__EXERCISE BRIEF__:
Ignoring every picture, return the lines of the listing below word for word, from the line that holds "Homaterial 5 Tier" through the line that holds "Ringó pihenőágy Mimi Beige wood, 9 kg-ig Ringó".

(EXERCISE MATERIAL Opens)

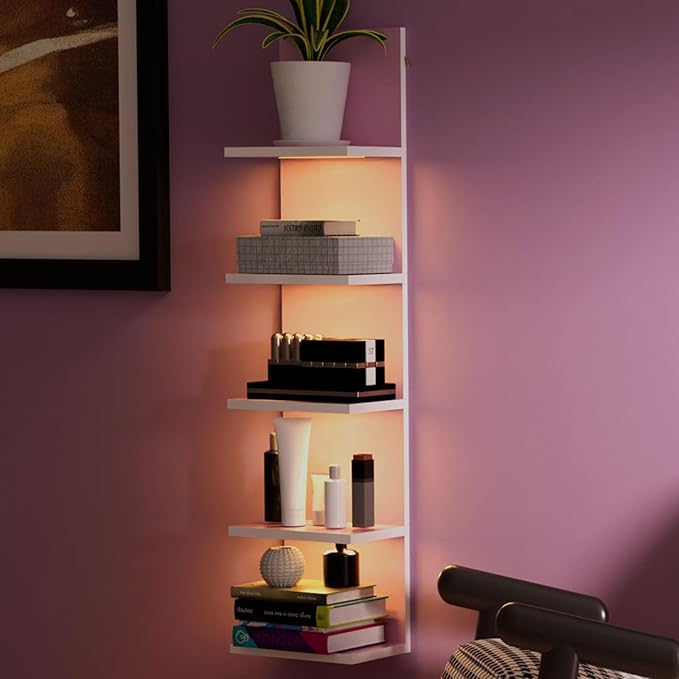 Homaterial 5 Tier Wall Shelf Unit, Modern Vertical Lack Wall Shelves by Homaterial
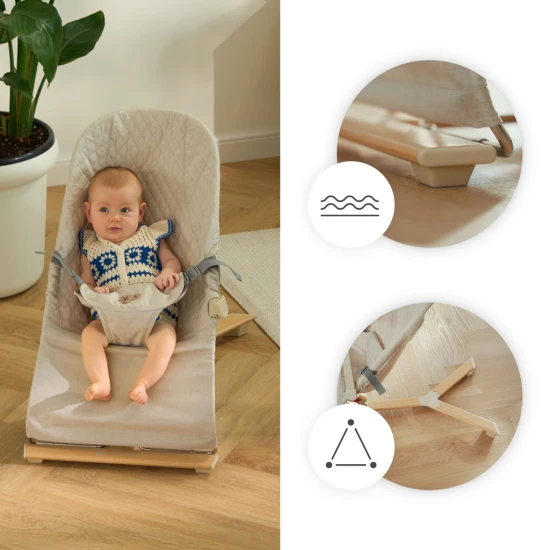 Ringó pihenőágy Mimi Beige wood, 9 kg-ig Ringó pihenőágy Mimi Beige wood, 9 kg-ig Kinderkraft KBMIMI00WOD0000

(EXERCISE MATERIAL Closes)
(EXERCISE MATERIAL Opens)

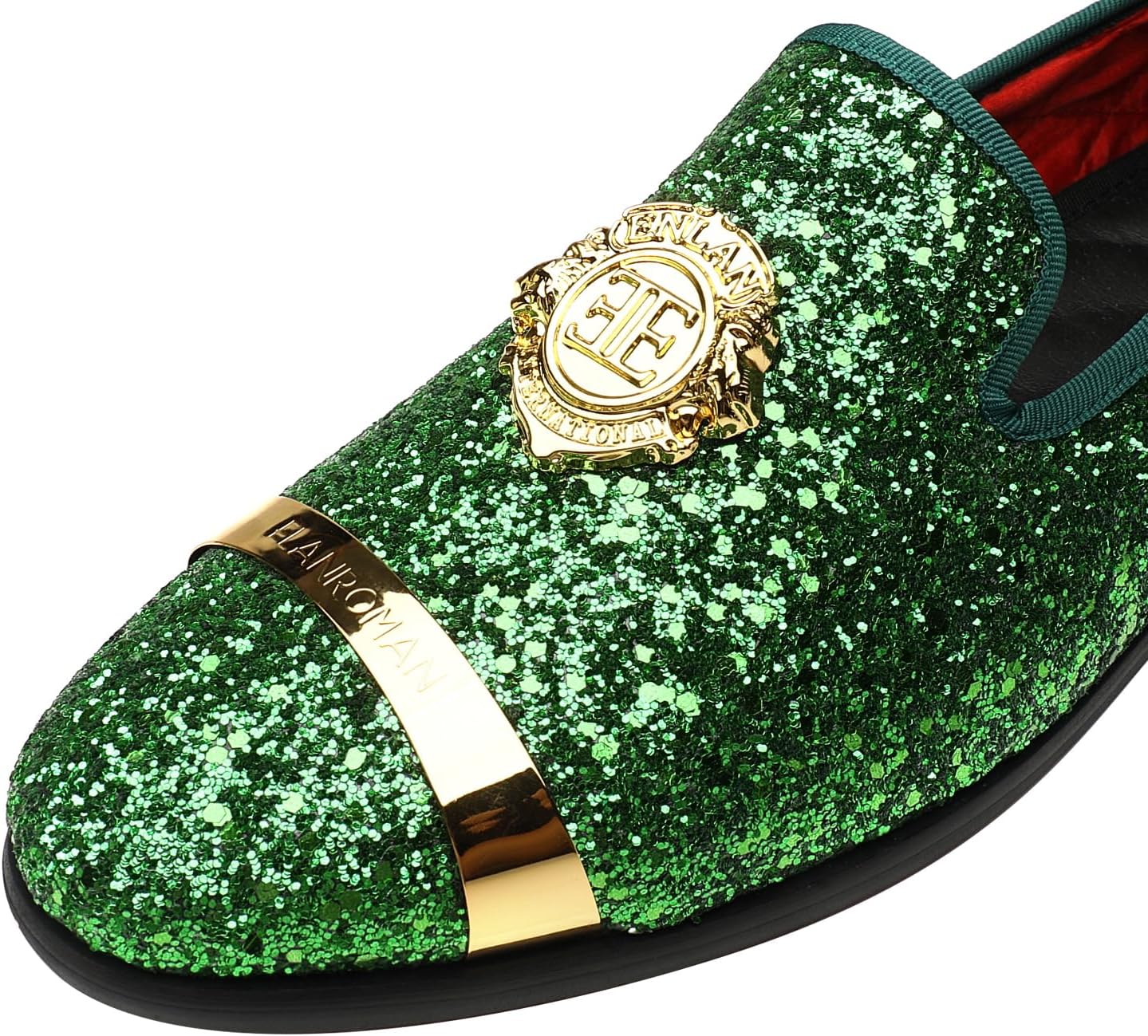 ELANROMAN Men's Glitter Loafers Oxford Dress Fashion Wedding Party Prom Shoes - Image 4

(EXERCISE MATERIAL Closes)

__RESPONSE BELOW__:
 Homaterial 5 Tier Wall Shelf Unit, Modern Vertical Lack Wall Shelves by Homaterial
 Ringó pihenőágy Mimi Beige wood, 9 kg-ig Ringó pihenőágy Mimi Beige wood, 9 kg-ig Kinderkraft KBMIMI00WOD0000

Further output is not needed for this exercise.